Mais uma vez é Carnaval. A festa, o conjunto de festas que parece definir nosso país, o “País do Carnaval” no título irônico do livro de estreia de Jorge Amado, em que um personagem negativo critica o Brasil e os hábitos populares.

As festividades de sátira, inversão temporária de papeis sociais, uso de disfarces, consumo exagerado de bebidas e determinados alimentos, existem desde a antiguidade marcando geralmente o início da primavera e do plantio no hemisfério norte.

Essas festas incluíam comemorações entre os antigos egípcios, judeus, gregos e por fim romanos, e delas o Carnaval do cristianismo ocidental, quando a Igreja dentro do período da “Septuagésima” autorizava o afrouxamento de certas regras de comportamento antes do início da quaresma, em que jejum, mortificações e orações constantes eram obrigatórios. 

O Carnaval brasileiro deve ter se iniciado em Veneza com as mascaradas da “commedia dell’arte”, e em festas populares de Paris donde se espalharam por muitos lugares com destaque para as cidades de Nice, Nova Orleans, e finalmente Rio de Janeiro.

Desde o século dezenove o povo se divertia nas ruas do Rio, Salvador, Parati e outros locais com as “brincadeiras” do entrudo, que envolviam batalhas de água e outros líquidos, máscaras, danças, zombarias a autoridades, excesso de bebida alcoólica, e por fim brigas que podiam resultar até em mortes.

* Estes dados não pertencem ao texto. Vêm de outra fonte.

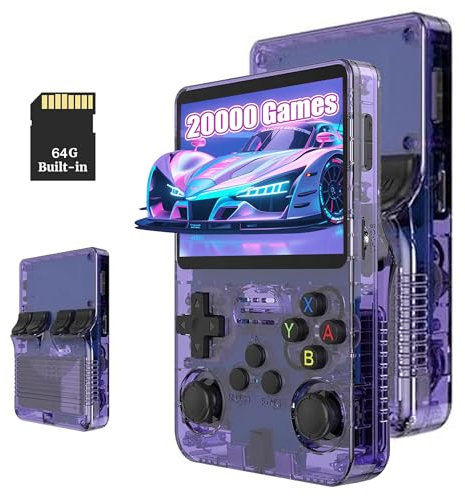 R36S Retro Handheld Game Console, 3.5-inch IPS Screen, 64G, 20,000+ Games, Portable Gaming Device for Kids & Adults, Supports Multiple Emulators (darkpurple)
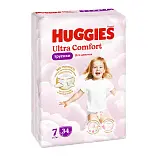 Huggies ultra comfort 7 -17 кг трусики подгузники 34 шт для девочек
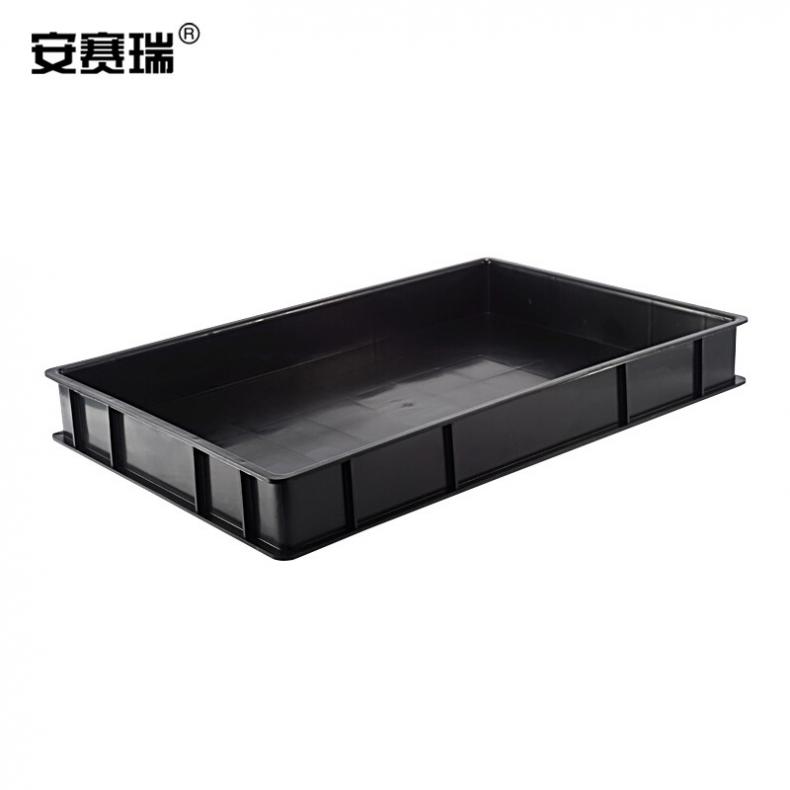 安赛瑞 16348 加厚塑料方盘 450*300*60mm（单位：个） 黑色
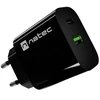 WALL CHARGER NATEC RIBERA 1X USB-A + 1X USB-C 20W Juodas
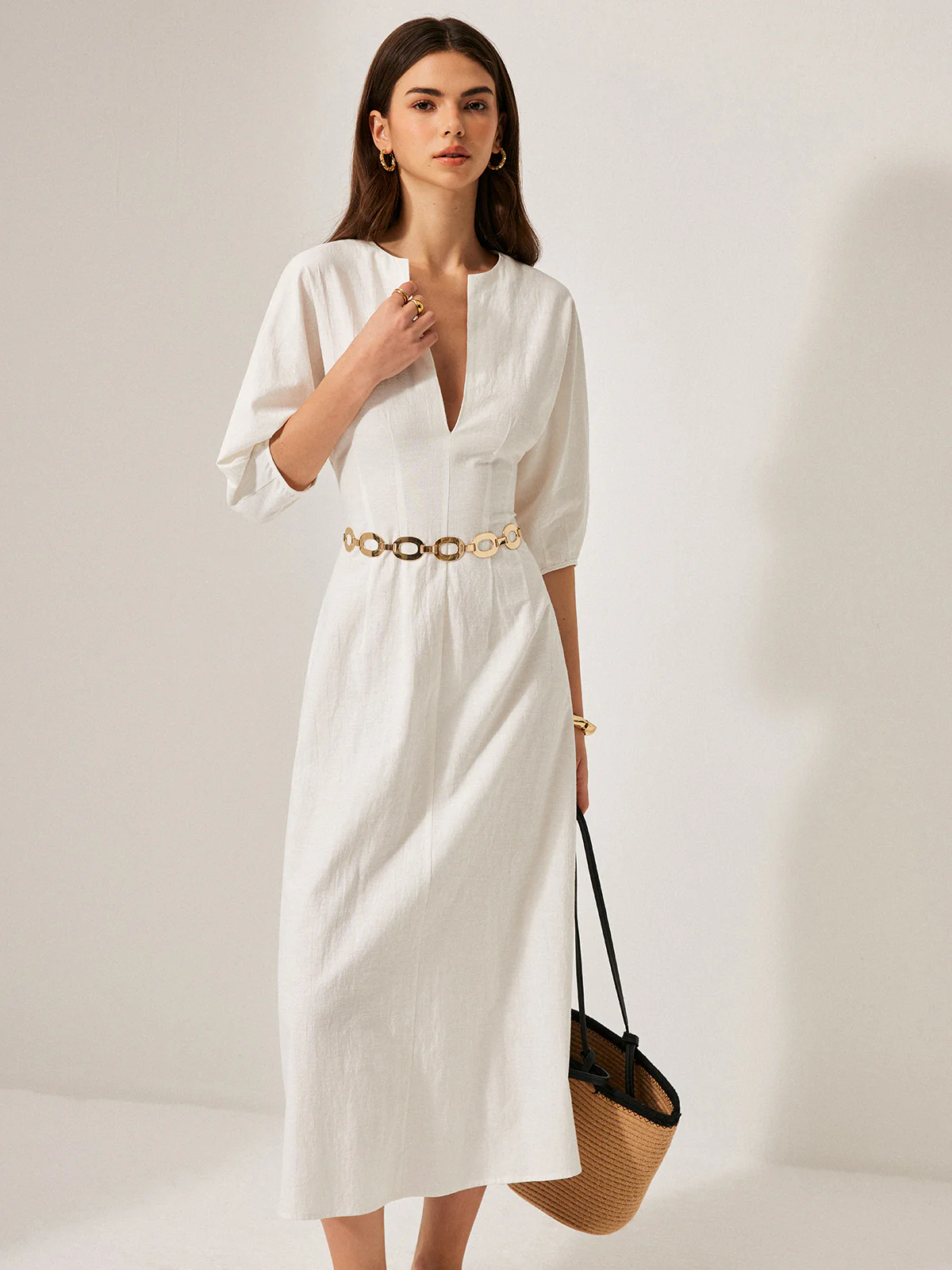 Cotton & Linen Puff Sleeve Dress Without Belt - Image 4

Os privilegiados comemoravam em clubes e sociedades, e desfiles nos primeiros automóveis, os “corsos”.

Como quase tudo em nosso país, o Carnaval de rua tem duas vertentes:

_A praticamente semioficial, cujo expoente são as “Escolas de Samba”, imensas agremiações submetidas a regras draconianas de desfile, composição de Alas, tempo na Avenida, temas definidos e muitas vezes ridiculamente referentes a acontecimentos históricos nebulosos que resultam em fantasias mais próprias à corte de Luís XIV, músicas tema repetitivas; e o pior: carros alegóricos a cada ano mais portentosos e “camarotes VIP”, algo adequado à TV mas nunca um evento popular.

_O Carnaval em essência, representado principalmente pelos “blocos”, mais livres, com nomes provocativos como: Nunca mais eu bebo ontem, New Kids on the Bloco, Suvaco do Cristo, Toalha da Saudade, Siri com Tódi, Ritaleena, Antes aqui que na UTI, Simpatia é quase amor, e o bloco curitibano que deixou saudades Banda Polaca, a Zombie Walk também de Curitiba, além dos litorâneos Guaratubanda, Caiobanda e Matinbanda.

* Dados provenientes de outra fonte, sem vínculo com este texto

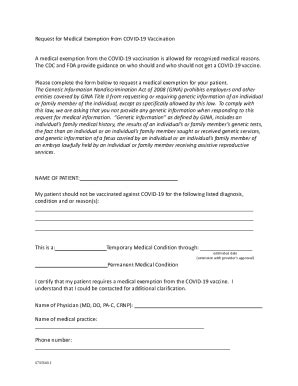 Fillable Online COVID 19 Vaccine Medical Exemption Physician Form Docx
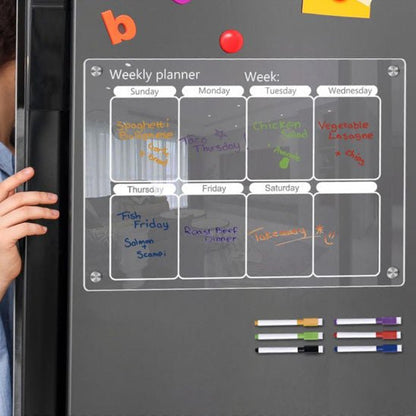 tableau magnetique hebdomadaire transparent frigo planning repas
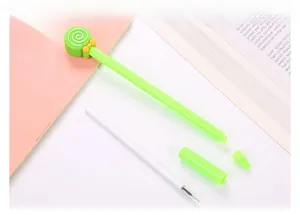 Detail view of detachable green lollipop gel pen showing replaceable white ink refill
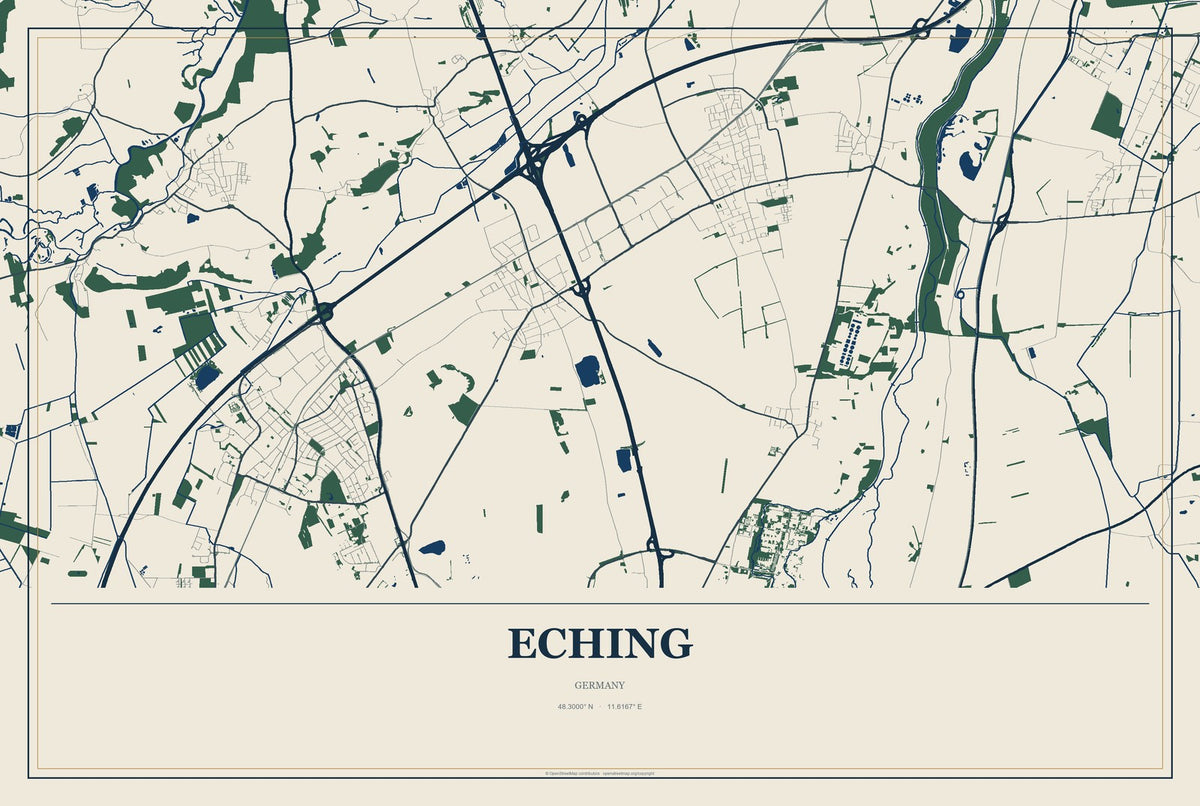Eching, Germany City Map Aluminum Sign in Coastal Cutout style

O acesso é praticamente aberto a todos, as regras são poucas e pautadas no bom senso e na busca de um comportamento nem sempre respeitado. Com os Trios Elétricos baianos, algo formalizados hoje em dia, mas ainda abertos às “pipocas”, o frevo de rua e todas as manifestações de festa e ritmo nacionais autênticos; e o mais divertido, blocos de rua, bandas, cordões, foliões solitários, que existem em todo o país, de Manaus a Antonina, de Salvador a Pirapora, e no Rio, sempre no Rio.  

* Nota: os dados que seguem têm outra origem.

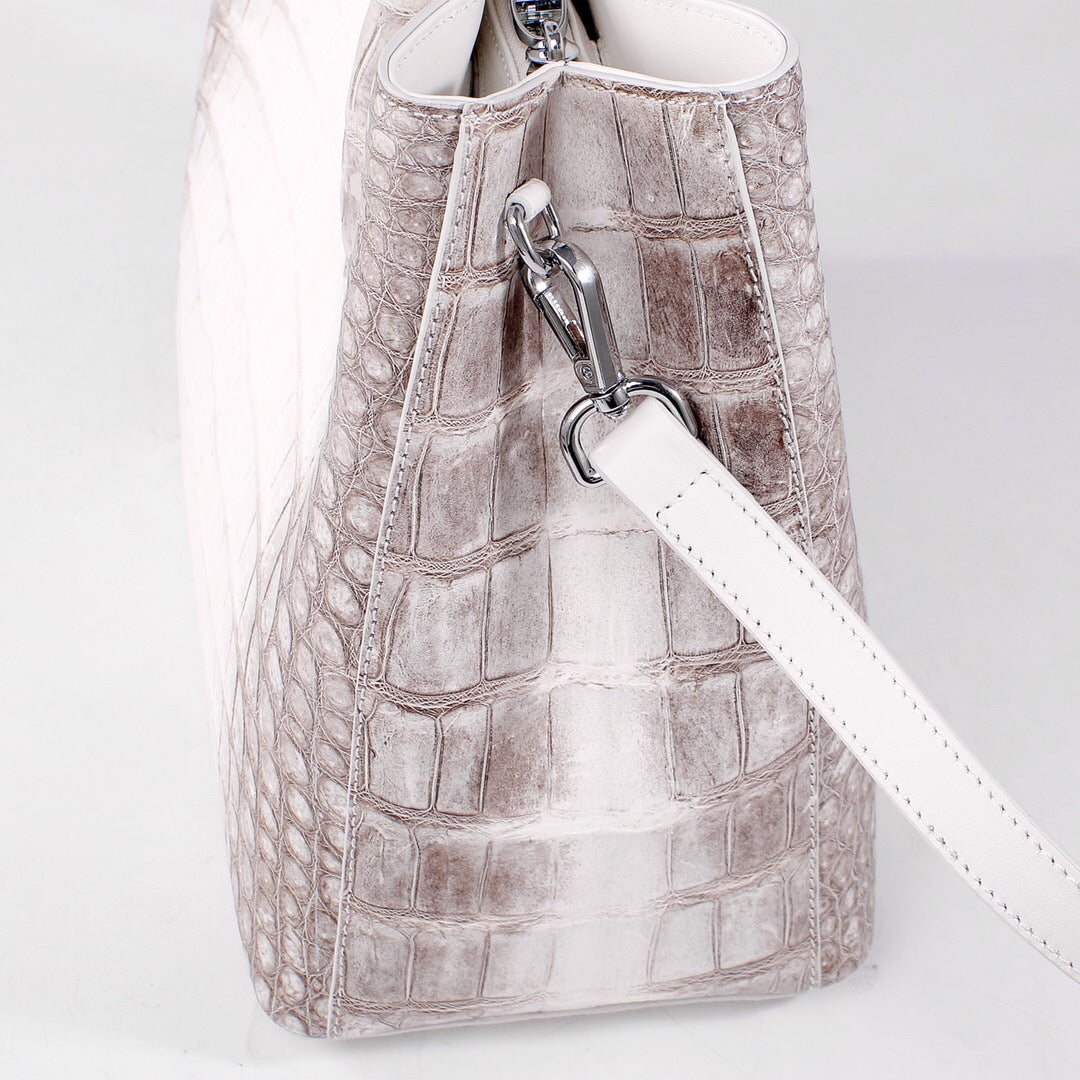White genuine crocodile leather women's tote shoulder handbag by Rossie Viren, featuring a 32cm spacious design.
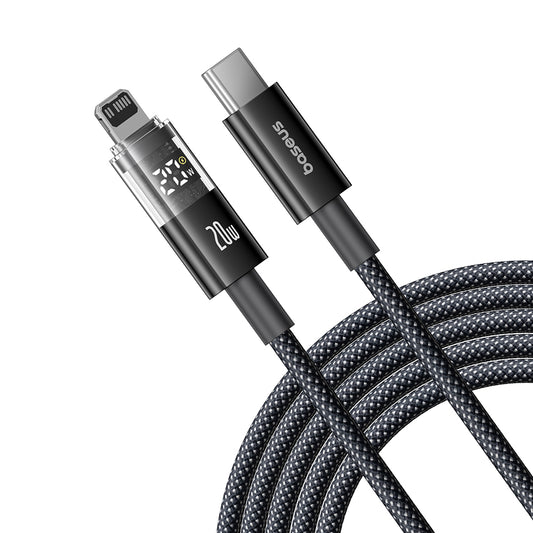 Daten- und Ladekabel USB-C - Lightning Baseus Display 2, 20W, 2m, Schwarz P10382703121-01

Desde sempre se procurou censurar o “que não tem censura e nunca terá”, a prática de um moralismo tacanho que, a pretexto de preservar moral e bons costumes, tenta controlar a diversão  popular, como se desejassem implantar uma eterna quaresma, com jejuns e cilícios, com sacrifícios desnecessários. Há, claro, um limite que deve ser respeitado até em comportamento carnavalesco, seja em vestuário, música e danças, mas este limite não pode ser estabelecido no século dezenove.

Crianças e jovens amam o carnaval e suas brincadeiras, o tema é utilizado com sucesso em trabalhos escolares, mantendo tradições e o espírito festivo.

A seriedade se compõe também de senso de humor e leveza de espírito, é importante que saibamos disso, principalmente em tempos tão ameaçadores a paz mundial e à nossa paz de espírito.

Wanda Camargo – educadora e assessora da presidência do Complexo de Ensino Superior do Brasil – UniBrasil.